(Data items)
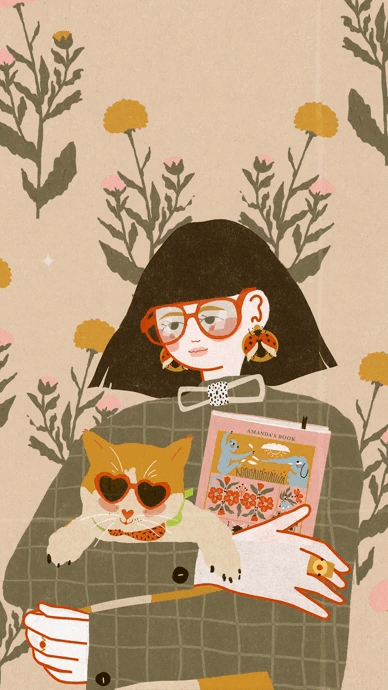 Illustration of a girl with dark hair, glasses, and jewelry taking a selfie with her cat, who is wearing heart-shaped sunglasses and holding a smartphone; a book is visible in the background.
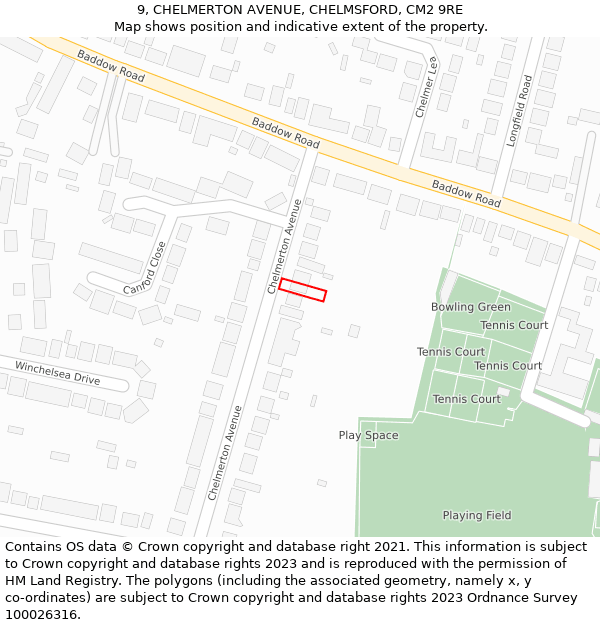 9, CHELMERTON AVENUE, CHELMSFORD, CM2 9RE: Location map and indicative extent of plot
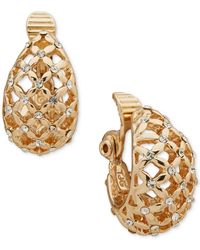 Anne Klein - Gold-tone Pave Mesh Clip-on Button Earrings - Lyst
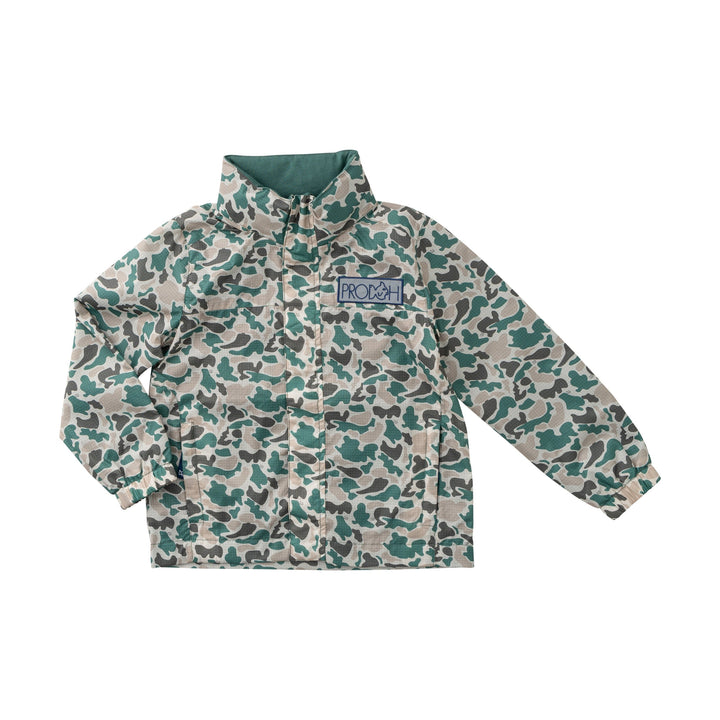 Camouflage-patterned jacket with a brand logo on a white background
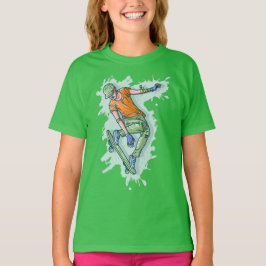 カラフルな空飛ぶスケーター、面白いイラスト Tシャツ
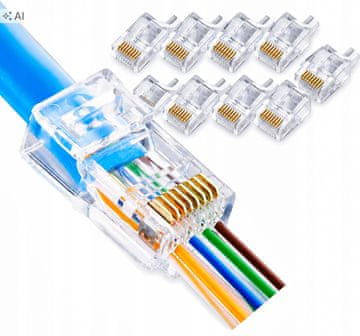 Conotech NS-210 RJ45 vtiči cat.5e UTP prehodni 8P8C za LAN kabel 10 kosov.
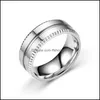 Ringas de banda Aço inoxidável criativo Casal Ring Band Rings brilho simples para homens homens Bandas de casamento Fine Moda Jóias Delive Dhut0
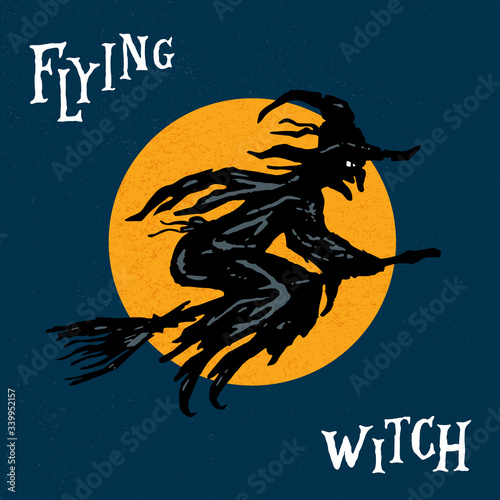 Vintage Vector Illustration of a Witch flying on a broom. 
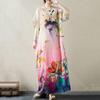 Krátký rukáv Nadměrná velikost vintage květinová novinka v šatech pro ženy ležérní volné Maxi dlouhé letní šaty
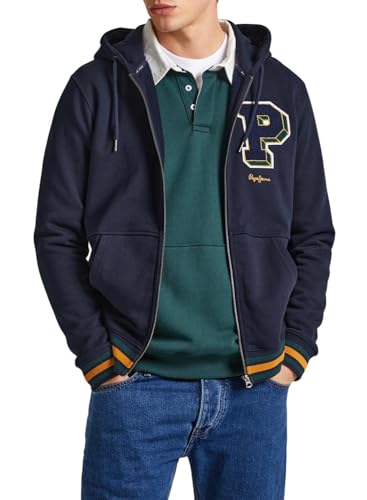 Pepe Jeans Herren Michon Hooded Sweatshirt, Blue (Dulwich), S von Pepe Jeans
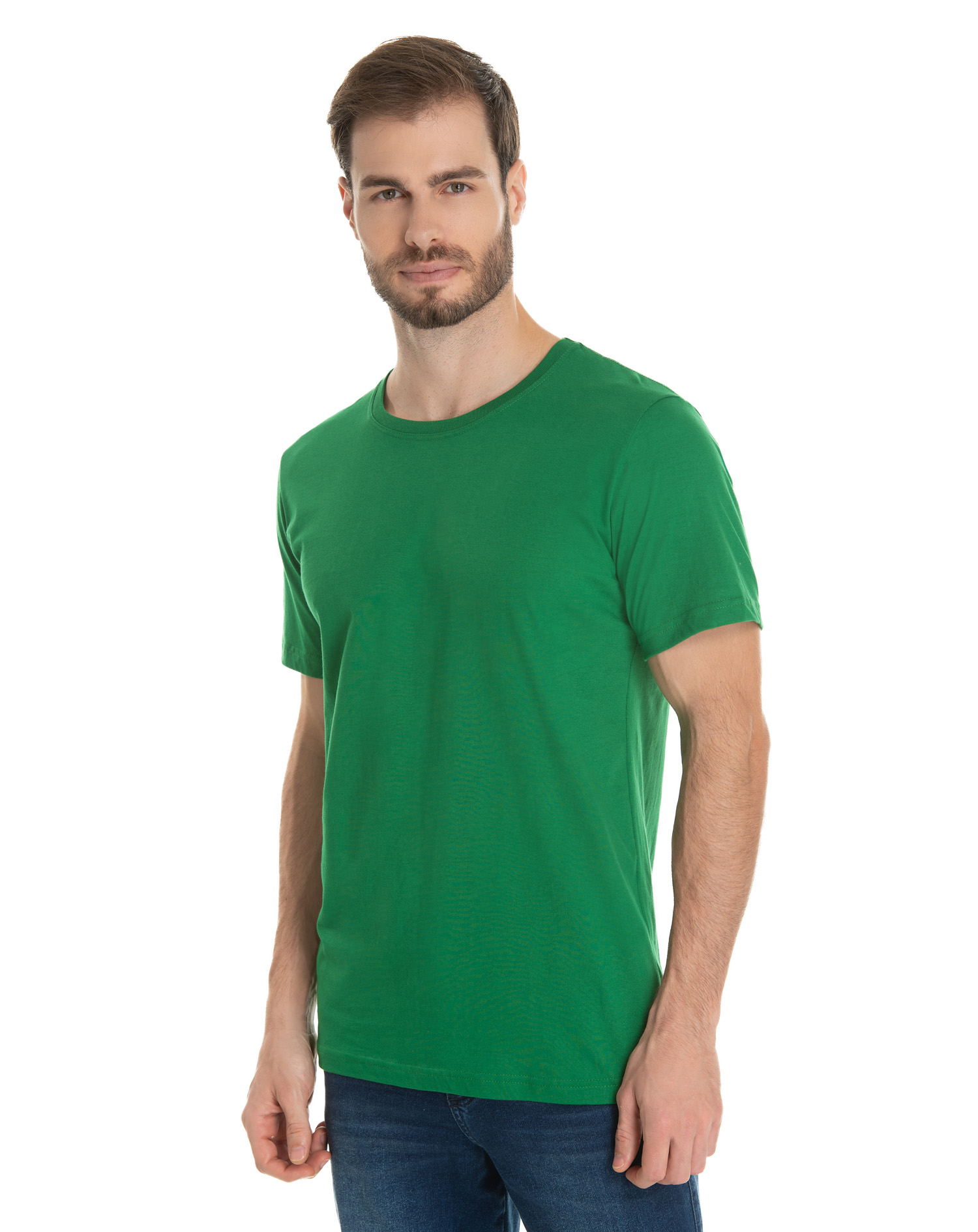 Camiseta de Algodão Premium Verde Bandeira Direto de Fábrica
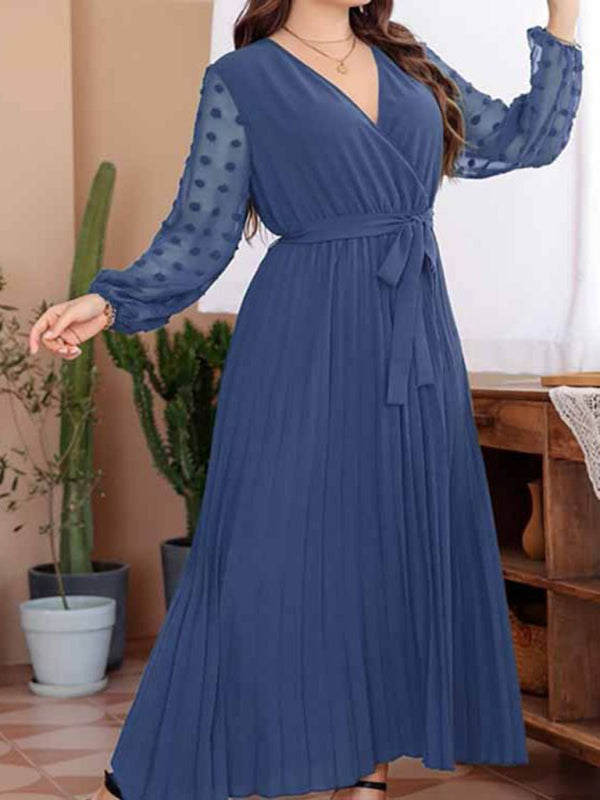 Women's New large size elastic waist jacquard patchwork dress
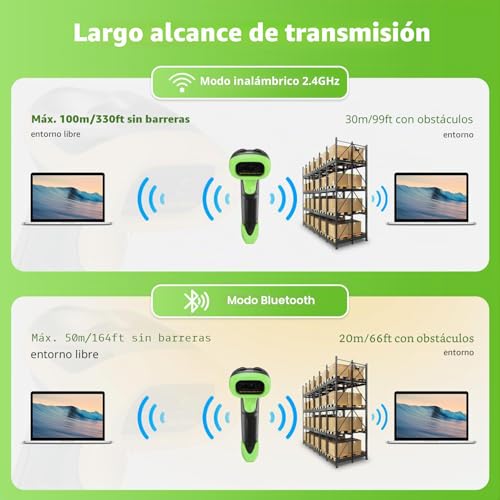 NetumScan Wireless USB Barcode Scanner Bluetooth 1D 2D QR Barcode Reader Portable Compatible with Computer for Pos System, Supermarket, Warehouse, Retail Store NSL8BL
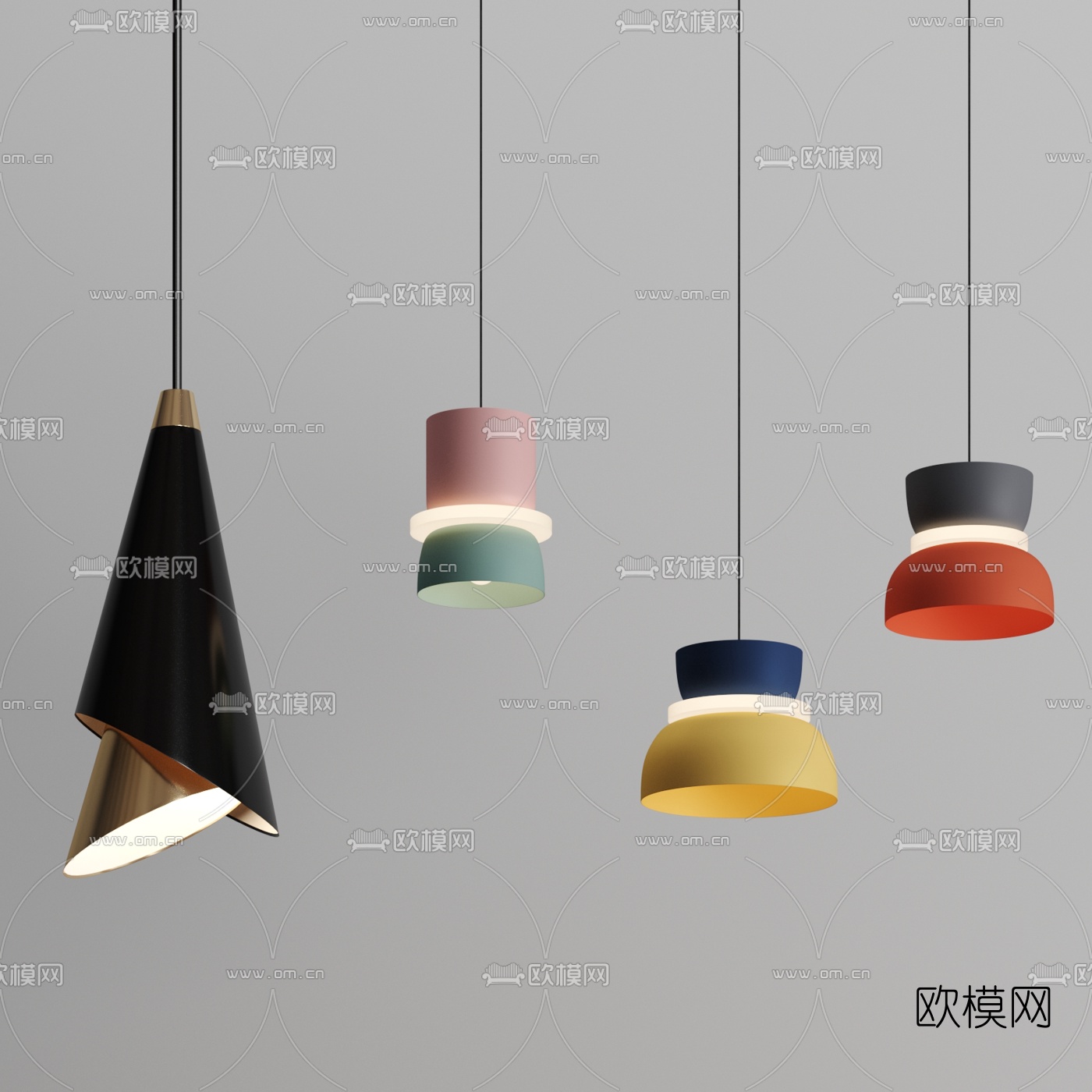 现代马卡龙小吊灯3d模型下载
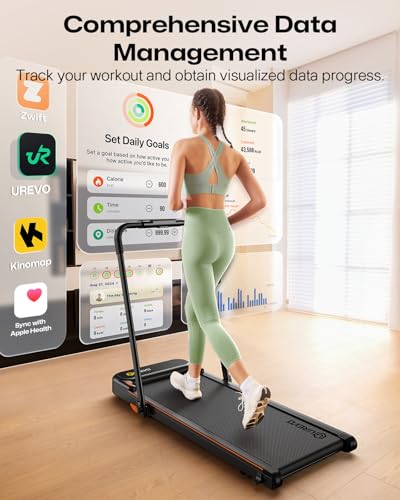 Image of UREVO Smart 2-in-1 Folding Treadmill, Compact Walking Pad with Safety Handle, Plug and Play, Dual LED Display, Workout APP, Walking or Running for Home Office, Remote Included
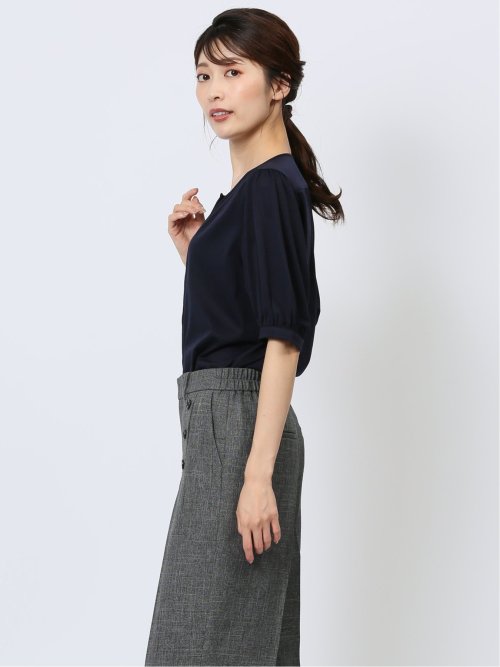 比翼 クルーネック 半袖ブラウソー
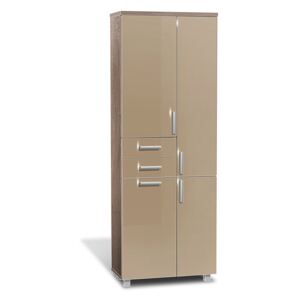 Vysoká koupelnová skříňka s košem K31 barva skříňky: dub sonoma tmavá, barva dvířek: capucino lesk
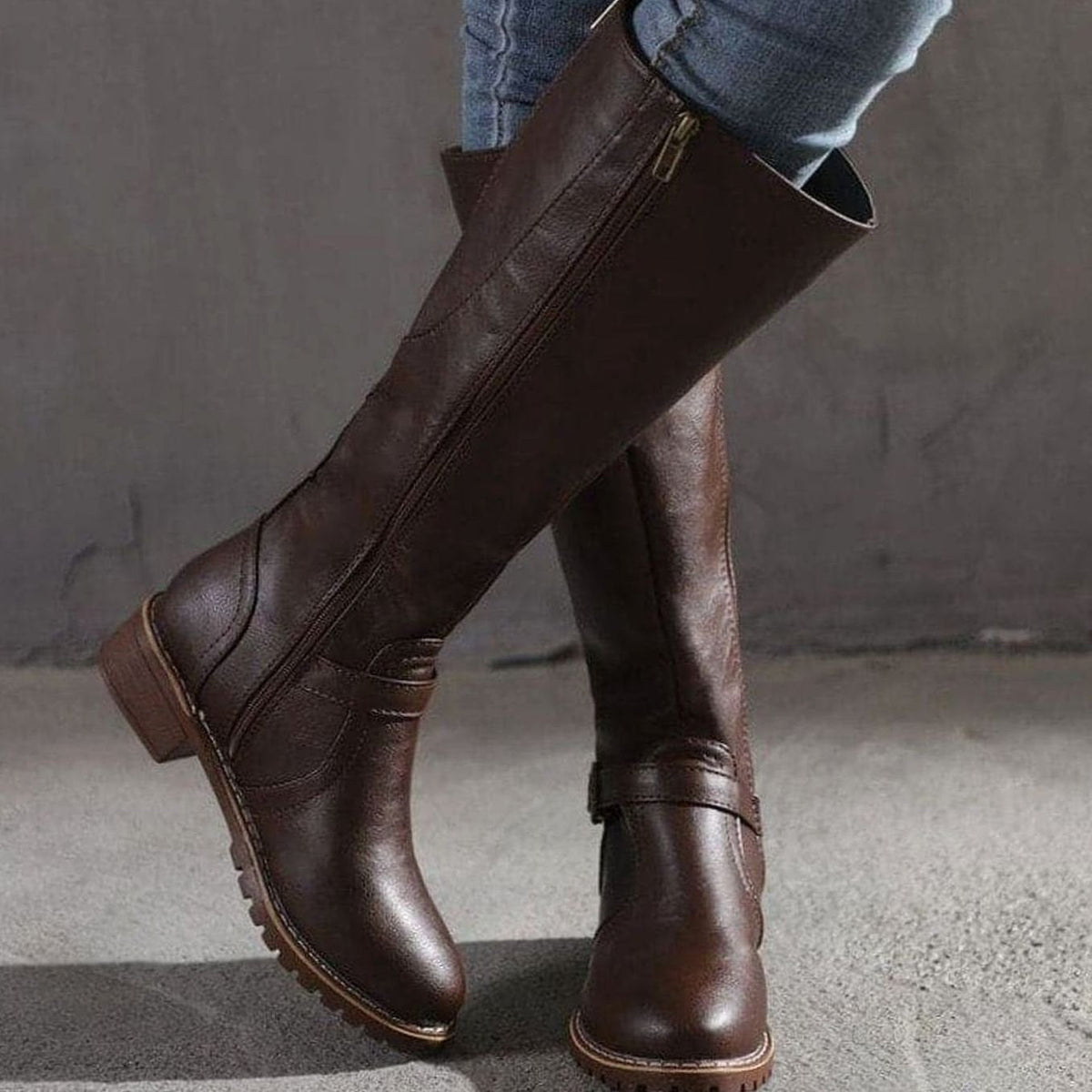 Women's Equestrian-Inspired Side-Zip Tall Boots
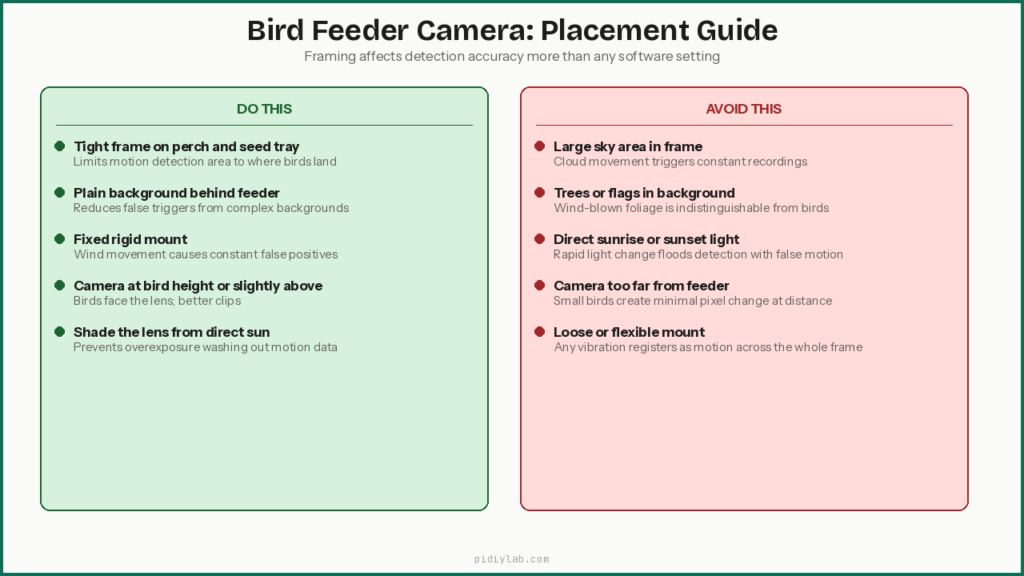 Bird camera placement guide for Raspberry Pi bird feeder camera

* **WHAT TO WORK ON**
Without copying the pictures, transcribe the entries exactly.

* **EXERCISE RESULT**
 Illustration of a girl with dark hair, glasses, and jewelry taking a selfie with her cat, who is wearing heart-shaped sunglasses and holding a smartphone; a book is visible in the background.
 9, CHELMERTON AVENUE, CHELMSFORD, CM2 9RE: Location map and indicative extent of plot
 Anne Klein - Gold-tone Pave Mesh Clip-on Button Earrings - Lyst
 Camouflage-patterned jacket with a brand logo on a white background
 カラフルな空飛ぶスケーター、面白いイラスト Tシャツ
 Conotech NS-210 RJ45 vtiči cat.5e UTP prehodni 8P8C za LAN kabel 10 kosov.
 Ringas de banda Aço inoxidável criativo Casal Ring Band Rings brilho simples para homens homens Bandas de casamento Fine Moda Jóias Delive Dhut0
 Vintage Vector Illustration of a Witch flying on a broom. 
 Krátký rukáv Nadměrná velikost vintage květinová novinka v šatech pro ženy ležérní volné Maxi dlouhé letní šaty
 Pepe Jeans Herren Michon Hooded Sweatshirt, Blue (Dulwich), S von Pepe Jeans
 Camiseta de Algodão Premium Verde Bandeira Direto de Fábrica
 Women's New large size elastic waist jacquard patchwork dress
 NetumScan Wireless USB Barcode Scanner Bluetooth 1D 2D QR Barcode Reader Portable Compatible with Computer for Pos System, Supermarket, Warehouse, Retail Store NSL8BL
 现代马卡龙小吊灯3d模型下载
 Image of UREVO Smart 2-in-1 Folding Treadmill, Compact Walking Pad with Safety Handle, Plug and Play, Dual LED Display, Workout APP, Walking or Running for Home Office, Remote Included
 比翼 クルーネック 半袖ブラウソー
 Vysoká koupelnová skříňka s košem K31 barva skříňky: dub sonoma tmavá, barva dvířek: capucino lesk
 Women's Equestrian-Inspired Side-Zip Tall Boots
 Bird camera placement guide for Raspberry Pi bird feeder camera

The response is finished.